• [AIM OF THE EXERCISE]:
How many lines in the entries below contain "Rear"? Answer with the number only.

• [Source data]:
***
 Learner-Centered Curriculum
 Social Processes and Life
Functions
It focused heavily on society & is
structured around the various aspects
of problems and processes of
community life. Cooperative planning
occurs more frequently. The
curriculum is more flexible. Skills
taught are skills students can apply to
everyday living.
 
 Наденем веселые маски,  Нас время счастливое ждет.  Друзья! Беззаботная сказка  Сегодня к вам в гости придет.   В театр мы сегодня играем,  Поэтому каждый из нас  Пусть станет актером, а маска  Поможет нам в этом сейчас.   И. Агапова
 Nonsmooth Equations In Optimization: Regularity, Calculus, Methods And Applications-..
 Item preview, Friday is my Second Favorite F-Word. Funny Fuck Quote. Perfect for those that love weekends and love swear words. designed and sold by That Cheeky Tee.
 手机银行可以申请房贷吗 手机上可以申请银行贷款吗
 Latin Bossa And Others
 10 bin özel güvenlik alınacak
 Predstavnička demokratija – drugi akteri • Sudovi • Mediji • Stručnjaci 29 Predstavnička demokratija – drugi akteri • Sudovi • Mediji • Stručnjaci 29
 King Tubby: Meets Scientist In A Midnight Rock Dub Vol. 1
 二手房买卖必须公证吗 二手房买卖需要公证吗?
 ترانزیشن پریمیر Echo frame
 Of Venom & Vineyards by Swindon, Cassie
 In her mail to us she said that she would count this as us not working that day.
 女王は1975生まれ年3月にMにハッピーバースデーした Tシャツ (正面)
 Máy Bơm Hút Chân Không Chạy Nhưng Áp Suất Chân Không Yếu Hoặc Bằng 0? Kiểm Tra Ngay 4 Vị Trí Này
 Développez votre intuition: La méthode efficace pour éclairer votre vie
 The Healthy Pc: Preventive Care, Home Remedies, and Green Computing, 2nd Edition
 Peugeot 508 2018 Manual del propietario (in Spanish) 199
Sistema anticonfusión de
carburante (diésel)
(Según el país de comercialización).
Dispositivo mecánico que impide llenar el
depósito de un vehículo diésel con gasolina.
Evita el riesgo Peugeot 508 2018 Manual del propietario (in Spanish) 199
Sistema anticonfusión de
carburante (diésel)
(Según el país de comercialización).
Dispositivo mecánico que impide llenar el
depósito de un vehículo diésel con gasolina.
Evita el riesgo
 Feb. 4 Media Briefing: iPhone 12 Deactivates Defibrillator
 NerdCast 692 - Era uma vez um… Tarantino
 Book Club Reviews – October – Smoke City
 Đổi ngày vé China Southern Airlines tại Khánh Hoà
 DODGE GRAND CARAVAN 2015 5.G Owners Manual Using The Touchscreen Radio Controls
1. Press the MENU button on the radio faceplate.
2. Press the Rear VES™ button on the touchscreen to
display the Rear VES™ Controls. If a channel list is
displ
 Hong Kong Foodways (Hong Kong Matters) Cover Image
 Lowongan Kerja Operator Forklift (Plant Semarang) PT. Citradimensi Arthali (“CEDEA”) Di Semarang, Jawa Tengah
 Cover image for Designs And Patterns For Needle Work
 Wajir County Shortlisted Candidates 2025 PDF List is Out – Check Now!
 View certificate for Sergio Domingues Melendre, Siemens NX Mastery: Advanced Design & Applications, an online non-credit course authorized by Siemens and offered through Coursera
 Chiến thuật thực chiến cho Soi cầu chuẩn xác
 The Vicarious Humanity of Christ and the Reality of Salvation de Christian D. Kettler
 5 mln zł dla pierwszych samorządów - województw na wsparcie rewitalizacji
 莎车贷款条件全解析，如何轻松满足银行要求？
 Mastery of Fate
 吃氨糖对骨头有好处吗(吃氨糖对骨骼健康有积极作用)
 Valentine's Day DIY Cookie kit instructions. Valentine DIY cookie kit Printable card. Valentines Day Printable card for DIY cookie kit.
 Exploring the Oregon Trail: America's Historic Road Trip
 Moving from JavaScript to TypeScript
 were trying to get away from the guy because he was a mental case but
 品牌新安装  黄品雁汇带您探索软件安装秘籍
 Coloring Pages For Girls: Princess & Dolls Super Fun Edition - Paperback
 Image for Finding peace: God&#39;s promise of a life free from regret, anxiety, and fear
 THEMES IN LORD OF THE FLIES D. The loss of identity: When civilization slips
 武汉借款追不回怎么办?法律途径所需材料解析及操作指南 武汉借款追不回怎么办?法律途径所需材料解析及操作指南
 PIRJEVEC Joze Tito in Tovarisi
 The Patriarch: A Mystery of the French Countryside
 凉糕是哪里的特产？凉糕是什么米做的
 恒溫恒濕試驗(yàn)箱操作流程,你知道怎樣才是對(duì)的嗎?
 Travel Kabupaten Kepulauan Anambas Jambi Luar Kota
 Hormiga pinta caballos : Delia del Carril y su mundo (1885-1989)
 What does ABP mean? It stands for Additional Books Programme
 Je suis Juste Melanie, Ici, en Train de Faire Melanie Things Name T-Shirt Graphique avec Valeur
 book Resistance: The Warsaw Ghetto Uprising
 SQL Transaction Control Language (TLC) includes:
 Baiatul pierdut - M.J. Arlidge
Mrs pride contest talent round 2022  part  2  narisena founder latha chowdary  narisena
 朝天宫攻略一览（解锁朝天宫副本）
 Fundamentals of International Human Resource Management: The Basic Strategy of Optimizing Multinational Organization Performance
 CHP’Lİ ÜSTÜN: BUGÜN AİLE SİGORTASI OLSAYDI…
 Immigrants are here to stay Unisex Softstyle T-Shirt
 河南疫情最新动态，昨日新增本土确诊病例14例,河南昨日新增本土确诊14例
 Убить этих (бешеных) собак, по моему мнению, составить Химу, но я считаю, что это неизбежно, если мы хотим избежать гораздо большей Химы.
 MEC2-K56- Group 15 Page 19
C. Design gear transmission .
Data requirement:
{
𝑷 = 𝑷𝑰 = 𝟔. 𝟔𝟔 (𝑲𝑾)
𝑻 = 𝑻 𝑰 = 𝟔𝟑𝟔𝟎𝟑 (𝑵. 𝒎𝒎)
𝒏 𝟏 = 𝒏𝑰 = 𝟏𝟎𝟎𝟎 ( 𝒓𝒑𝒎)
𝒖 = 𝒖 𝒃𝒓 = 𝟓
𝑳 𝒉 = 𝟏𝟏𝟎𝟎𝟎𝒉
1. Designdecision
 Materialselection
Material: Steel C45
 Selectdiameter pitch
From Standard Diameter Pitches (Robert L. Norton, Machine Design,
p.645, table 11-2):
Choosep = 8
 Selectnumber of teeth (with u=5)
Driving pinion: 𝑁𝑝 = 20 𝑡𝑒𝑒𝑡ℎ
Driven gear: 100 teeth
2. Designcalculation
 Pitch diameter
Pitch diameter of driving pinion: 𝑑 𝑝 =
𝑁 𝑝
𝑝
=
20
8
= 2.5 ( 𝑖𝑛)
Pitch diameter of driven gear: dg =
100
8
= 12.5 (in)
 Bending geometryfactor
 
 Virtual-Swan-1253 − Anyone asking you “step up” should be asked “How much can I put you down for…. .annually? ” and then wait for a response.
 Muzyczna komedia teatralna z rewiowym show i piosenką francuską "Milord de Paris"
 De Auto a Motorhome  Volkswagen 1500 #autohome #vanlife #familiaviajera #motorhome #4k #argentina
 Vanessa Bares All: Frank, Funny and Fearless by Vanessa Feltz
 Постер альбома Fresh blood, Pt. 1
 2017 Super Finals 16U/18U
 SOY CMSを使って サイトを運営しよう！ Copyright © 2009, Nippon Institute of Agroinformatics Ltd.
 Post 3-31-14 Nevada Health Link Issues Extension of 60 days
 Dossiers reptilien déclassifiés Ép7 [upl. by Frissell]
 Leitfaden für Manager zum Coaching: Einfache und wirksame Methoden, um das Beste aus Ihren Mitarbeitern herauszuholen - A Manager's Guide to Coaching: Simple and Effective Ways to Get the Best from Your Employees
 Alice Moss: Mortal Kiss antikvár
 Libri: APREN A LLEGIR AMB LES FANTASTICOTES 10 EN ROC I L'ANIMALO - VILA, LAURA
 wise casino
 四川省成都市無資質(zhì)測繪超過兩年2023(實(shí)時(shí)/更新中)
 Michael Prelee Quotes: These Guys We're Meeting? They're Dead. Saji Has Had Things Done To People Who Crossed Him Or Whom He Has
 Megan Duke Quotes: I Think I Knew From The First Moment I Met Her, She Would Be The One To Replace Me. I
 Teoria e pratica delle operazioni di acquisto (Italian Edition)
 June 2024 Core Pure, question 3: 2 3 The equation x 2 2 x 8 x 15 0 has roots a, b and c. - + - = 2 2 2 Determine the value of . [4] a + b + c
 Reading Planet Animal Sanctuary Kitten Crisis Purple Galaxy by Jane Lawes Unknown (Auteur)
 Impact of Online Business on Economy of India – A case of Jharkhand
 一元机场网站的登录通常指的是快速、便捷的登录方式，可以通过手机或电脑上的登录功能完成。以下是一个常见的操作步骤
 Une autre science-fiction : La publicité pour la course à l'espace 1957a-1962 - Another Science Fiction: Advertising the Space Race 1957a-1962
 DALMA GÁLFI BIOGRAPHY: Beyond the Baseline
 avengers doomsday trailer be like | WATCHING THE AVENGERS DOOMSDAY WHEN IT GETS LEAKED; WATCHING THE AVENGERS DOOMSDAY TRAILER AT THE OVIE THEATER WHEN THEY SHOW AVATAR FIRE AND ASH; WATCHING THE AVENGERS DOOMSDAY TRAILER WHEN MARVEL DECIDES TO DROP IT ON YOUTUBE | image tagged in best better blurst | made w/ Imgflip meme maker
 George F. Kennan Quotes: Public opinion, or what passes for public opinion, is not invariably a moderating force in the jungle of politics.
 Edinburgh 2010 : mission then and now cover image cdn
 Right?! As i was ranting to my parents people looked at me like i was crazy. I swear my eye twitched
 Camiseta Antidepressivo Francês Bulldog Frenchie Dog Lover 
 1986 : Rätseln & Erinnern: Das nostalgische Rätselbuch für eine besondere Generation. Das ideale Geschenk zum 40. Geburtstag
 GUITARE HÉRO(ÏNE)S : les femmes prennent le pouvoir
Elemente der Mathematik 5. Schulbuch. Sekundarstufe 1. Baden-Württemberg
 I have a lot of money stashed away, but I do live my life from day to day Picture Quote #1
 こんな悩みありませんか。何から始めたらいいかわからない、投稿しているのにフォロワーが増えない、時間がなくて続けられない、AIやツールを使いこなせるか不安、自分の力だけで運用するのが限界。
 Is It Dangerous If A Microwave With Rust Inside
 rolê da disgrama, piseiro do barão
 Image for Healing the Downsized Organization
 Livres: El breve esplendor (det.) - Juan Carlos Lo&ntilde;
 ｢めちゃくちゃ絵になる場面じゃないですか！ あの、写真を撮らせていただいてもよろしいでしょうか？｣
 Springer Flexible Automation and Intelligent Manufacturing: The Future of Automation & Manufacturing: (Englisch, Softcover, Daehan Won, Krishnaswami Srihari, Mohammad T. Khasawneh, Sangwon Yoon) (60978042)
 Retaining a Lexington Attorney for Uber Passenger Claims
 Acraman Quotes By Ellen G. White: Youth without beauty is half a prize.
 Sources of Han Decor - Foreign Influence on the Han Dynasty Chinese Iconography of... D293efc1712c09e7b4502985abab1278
***
• [OUTPUT OF THE EXERCISE]:
2